Despite all of the criticism, no one can deny that Coach Weis loves Notre Dame and, as an alumnus, understands the history and tradition of the University. He has also been a tireless recruiter who has been outspoken when it comes to articulating the benefits of attending the school. Not only has he disproven the myth that Notre Dame can’t get the top recruits because of their academic standards, he has turned a negative into a positive by announcing, “Choosing a college is not a four-year, but a 40-year decision” and “Come to Notre Dame where you can play Division One football AND get a world-class education.” He has also run a clean, no-nonsense program.
It seems like just yesterday that he left the Patriots for South Bend and delighted Irish fans with his brash confidence and Super Bowl rings. After Bob Davies and Tyrone Willingham, most felt certain that he was the man to end the national-title drought that had reached two decades. “Euphoria since has given way to concern and concern to impatience,” said Nancy Armour in a Chicago Sun-Times article. “Weis still has to prove that he’s a worthy successor to Rockne, Leahy, Parseghian and Holtz – and he has to do it now. This is the defining year for Weis, who has little room for error after two dismal seasons that infuriated the faithful and had some calling for him to be fired. However, all will be forgiven if Notre Dame wins 10 or more games and gets back into the mix for a BCS bowl game. But stagger to another mediocre finish or be exposed by USC as a BCS pretender, and the Irish likely will be looking for somebody else to restore the most storied program in college football to prominence.”

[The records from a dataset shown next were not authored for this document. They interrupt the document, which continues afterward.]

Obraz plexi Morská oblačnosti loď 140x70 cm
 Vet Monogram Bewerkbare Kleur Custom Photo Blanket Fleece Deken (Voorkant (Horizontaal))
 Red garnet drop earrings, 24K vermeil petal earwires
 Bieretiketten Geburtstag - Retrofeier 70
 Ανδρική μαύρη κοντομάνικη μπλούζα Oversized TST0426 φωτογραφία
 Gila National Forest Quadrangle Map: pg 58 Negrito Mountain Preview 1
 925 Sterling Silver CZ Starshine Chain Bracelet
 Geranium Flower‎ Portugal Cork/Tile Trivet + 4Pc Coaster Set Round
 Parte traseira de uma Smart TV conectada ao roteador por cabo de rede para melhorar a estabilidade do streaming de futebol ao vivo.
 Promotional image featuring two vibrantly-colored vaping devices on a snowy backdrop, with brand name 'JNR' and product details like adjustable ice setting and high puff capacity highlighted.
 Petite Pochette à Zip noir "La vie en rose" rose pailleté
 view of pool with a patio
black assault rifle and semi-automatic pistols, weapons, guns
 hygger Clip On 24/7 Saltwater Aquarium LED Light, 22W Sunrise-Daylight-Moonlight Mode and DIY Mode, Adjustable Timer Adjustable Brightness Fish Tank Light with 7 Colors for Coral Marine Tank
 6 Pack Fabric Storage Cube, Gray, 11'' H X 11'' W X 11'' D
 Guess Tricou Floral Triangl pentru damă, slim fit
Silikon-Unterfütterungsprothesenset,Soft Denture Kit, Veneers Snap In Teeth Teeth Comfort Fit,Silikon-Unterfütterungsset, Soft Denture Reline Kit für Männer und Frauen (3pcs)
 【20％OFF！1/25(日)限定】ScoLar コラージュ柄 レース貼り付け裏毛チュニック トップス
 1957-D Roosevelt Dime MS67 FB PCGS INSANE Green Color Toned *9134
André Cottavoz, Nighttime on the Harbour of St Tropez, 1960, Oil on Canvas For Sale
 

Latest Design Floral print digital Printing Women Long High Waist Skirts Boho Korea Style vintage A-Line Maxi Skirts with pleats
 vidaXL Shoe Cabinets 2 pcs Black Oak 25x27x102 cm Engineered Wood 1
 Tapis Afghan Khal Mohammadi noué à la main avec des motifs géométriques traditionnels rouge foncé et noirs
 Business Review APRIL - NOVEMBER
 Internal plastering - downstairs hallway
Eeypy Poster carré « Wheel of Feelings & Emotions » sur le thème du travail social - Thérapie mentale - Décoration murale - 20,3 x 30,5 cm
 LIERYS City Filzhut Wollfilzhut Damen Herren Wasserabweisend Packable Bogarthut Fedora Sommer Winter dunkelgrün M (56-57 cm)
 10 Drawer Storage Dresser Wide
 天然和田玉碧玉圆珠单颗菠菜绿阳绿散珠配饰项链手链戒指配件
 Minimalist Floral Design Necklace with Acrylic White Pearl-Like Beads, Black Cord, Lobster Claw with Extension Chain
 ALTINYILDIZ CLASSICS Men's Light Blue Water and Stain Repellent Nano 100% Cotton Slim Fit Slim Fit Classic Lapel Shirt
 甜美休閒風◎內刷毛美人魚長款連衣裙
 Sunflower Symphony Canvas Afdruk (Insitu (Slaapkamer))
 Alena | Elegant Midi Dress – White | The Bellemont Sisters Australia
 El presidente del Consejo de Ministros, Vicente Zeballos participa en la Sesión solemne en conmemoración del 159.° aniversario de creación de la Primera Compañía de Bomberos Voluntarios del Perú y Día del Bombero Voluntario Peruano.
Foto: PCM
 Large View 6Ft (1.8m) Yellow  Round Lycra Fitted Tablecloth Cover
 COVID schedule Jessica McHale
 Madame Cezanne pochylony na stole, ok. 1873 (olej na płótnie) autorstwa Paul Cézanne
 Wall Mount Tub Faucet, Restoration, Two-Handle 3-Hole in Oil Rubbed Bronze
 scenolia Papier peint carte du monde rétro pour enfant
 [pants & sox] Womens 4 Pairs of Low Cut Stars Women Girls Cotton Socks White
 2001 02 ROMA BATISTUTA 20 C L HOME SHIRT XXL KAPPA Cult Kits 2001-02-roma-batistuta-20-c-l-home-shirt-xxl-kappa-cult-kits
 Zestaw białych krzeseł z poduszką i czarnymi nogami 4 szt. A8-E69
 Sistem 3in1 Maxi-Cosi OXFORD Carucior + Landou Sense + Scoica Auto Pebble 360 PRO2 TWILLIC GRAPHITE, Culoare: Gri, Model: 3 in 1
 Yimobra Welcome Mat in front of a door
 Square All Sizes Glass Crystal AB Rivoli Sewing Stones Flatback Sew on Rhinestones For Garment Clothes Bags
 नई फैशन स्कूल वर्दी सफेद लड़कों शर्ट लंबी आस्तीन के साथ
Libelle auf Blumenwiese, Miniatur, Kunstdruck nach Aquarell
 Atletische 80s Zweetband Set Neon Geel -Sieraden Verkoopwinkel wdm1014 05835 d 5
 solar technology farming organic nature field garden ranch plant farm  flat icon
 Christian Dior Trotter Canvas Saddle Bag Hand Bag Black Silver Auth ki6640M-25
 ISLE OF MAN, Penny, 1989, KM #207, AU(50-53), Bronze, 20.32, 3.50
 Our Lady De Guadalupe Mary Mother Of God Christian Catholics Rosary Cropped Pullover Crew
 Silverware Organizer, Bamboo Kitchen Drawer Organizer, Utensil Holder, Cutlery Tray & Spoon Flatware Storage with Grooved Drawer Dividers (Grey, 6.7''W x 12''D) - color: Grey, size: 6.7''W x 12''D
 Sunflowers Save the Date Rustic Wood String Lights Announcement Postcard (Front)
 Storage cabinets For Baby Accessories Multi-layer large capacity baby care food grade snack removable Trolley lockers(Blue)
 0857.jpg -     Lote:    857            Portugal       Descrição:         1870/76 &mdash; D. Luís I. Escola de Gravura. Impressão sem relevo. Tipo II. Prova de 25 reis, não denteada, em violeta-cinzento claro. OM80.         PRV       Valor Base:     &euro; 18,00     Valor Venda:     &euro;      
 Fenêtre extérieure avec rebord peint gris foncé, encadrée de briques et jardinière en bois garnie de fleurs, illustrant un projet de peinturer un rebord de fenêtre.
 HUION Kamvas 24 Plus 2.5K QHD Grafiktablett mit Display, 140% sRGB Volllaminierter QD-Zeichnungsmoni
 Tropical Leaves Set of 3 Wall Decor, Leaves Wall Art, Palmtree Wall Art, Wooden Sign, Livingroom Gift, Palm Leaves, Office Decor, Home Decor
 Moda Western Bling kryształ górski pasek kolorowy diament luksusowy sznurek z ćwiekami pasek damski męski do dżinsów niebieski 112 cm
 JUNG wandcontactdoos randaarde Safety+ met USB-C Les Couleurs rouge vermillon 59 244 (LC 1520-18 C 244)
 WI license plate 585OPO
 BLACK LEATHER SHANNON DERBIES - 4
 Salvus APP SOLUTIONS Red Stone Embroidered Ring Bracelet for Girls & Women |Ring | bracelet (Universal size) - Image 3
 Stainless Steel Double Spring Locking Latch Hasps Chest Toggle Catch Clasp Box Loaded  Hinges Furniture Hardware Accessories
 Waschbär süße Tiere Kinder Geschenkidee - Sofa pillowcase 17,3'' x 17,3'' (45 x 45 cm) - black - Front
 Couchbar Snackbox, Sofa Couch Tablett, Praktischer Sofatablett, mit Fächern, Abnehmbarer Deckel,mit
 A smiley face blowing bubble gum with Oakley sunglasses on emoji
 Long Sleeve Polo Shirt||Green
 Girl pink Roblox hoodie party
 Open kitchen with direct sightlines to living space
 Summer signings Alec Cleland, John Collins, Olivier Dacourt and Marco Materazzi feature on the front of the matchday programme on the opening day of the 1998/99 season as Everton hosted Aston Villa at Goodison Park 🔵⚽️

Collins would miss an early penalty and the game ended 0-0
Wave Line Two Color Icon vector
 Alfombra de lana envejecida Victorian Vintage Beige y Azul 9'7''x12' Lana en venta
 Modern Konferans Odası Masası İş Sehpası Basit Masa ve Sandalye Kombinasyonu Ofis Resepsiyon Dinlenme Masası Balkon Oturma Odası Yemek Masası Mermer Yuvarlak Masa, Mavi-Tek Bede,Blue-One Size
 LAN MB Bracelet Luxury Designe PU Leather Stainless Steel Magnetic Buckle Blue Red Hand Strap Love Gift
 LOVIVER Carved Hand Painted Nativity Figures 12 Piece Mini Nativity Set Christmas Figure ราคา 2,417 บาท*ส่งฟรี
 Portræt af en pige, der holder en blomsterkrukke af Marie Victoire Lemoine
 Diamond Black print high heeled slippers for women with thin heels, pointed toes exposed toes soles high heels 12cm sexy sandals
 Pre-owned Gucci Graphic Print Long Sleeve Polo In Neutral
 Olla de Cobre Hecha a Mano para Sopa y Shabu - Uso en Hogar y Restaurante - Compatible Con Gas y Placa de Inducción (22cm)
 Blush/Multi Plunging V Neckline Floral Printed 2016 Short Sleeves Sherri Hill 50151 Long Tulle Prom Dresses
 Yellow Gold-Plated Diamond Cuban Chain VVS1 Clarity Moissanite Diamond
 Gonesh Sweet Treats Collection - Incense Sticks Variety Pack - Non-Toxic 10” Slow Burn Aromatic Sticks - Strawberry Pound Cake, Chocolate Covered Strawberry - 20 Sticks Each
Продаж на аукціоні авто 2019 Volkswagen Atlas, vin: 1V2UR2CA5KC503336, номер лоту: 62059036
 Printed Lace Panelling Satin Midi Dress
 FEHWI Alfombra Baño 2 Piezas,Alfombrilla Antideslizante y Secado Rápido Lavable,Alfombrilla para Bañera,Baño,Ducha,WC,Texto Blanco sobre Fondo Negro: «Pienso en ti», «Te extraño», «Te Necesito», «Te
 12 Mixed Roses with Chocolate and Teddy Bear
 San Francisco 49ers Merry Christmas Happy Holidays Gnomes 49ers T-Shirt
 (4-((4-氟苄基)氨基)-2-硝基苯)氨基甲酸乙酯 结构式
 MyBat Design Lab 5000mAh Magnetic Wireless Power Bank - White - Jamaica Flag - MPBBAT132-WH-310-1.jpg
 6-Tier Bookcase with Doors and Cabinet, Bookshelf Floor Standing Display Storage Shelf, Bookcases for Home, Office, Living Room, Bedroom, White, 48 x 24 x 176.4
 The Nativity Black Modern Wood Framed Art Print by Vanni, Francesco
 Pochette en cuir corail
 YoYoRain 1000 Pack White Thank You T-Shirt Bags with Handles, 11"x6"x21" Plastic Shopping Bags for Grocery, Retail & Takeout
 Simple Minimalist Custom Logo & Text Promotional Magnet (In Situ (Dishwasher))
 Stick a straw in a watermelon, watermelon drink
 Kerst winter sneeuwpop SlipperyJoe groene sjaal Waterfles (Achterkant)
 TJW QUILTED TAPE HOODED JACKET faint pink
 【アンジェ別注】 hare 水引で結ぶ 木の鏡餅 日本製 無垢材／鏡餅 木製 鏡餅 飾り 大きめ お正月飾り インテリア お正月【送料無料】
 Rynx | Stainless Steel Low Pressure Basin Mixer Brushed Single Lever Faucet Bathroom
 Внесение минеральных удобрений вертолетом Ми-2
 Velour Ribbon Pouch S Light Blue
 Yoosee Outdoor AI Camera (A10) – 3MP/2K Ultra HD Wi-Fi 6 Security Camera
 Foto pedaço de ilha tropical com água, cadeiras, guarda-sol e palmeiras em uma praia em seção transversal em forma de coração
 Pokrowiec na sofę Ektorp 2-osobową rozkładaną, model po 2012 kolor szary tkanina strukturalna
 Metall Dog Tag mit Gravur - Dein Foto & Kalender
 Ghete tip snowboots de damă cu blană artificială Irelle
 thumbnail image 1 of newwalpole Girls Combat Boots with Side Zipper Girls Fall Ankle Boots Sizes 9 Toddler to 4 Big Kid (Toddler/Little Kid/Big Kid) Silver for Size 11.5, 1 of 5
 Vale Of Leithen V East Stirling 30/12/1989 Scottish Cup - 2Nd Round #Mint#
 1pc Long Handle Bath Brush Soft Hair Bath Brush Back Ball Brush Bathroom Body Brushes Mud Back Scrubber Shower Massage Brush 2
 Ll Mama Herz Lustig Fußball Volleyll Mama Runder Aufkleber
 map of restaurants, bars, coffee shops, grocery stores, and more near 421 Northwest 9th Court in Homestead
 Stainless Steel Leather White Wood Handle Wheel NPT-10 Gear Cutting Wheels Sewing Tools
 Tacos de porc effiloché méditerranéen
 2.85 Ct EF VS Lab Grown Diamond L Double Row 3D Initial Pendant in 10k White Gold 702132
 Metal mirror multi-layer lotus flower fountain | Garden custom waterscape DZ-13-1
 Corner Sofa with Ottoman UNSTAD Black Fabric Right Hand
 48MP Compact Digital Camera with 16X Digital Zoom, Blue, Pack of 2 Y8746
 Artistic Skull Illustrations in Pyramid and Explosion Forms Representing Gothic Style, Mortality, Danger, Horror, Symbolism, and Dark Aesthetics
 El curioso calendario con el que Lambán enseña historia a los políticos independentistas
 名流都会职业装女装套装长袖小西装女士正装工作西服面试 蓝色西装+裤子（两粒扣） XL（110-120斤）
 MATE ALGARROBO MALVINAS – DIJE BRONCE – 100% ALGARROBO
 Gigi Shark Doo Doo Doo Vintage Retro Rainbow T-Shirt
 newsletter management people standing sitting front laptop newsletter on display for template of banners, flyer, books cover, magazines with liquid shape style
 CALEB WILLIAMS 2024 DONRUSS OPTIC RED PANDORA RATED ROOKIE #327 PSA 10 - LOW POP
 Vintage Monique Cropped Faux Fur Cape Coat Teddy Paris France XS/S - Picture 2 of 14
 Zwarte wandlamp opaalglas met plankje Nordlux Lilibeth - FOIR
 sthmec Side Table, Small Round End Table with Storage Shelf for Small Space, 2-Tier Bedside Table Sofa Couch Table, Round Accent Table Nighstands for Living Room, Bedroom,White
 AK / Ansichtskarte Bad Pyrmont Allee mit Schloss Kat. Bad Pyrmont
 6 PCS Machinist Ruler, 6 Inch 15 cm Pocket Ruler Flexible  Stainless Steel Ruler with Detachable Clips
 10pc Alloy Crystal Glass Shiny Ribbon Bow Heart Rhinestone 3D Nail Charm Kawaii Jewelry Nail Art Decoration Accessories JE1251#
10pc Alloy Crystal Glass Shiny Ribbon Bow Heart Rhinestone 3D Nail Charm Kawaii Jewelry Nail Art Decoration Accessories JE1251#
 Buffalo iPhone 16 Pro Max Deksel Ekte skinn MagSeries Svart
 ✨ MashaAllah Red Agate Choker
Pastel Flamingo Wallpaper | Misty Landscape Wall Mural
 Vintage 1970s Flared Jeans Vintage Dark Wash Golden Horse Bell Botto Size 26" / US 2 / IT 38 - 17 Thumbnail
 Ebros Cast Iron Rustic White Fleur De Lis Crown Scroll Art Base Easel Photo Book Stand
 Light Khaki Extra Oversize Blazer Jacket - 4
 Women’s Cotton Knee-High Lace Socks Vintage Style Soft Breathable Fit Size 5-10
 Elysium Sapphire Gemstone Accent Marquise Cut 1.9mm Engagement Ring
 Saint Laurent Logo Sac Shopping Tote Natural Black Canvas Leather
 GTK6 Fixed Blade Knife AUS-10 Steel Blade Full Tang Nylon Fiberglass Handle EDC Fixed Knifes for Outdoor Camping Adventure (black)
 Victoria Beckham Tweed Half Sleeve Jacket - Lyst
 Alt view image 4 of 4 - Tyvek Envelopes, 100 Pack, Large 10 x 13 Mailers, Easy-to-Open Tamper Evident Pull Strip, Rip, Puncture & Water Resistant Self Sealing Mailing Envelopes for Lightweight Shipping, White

Looking back, it is clear that Coach Weis has grown as a college coach. “When you first come into any job, especially coming in from being an assistant coach to a head coach, there’s that level of transition. But
you do wear an awful lot of hats there. It’s a never-ending process. The one thing I’ve been able to do better as the years have gone on is to continue to evolve with the job,” said Coach Weis. The evolution is seen everywhere: from how he deals with the media to how he relates to his players to how he works with his coaching staff. What remains to be seen is will it translate to more wins? As Lee Corso, ESPN college football analyst said, “There ‘s a hell of a lot of difference between a head coach in college and a head coach or offensive coordinator in the pros. In fact, 80 percent of the time you spend in college is off the field. A college coaching job is part PR, part charity work, part faculty representative, part priest. It’s recruiting. The reason the learning curve didn’t show up earlier was the presence of Brady Quinn and a veteran team.” So, the Weis era opened in the worse possible way, setting the bar deceptively high and creating the perception that Notre Dame was about to regain its elite status. We soon found the truth: Those teams left next to no foundation for the future.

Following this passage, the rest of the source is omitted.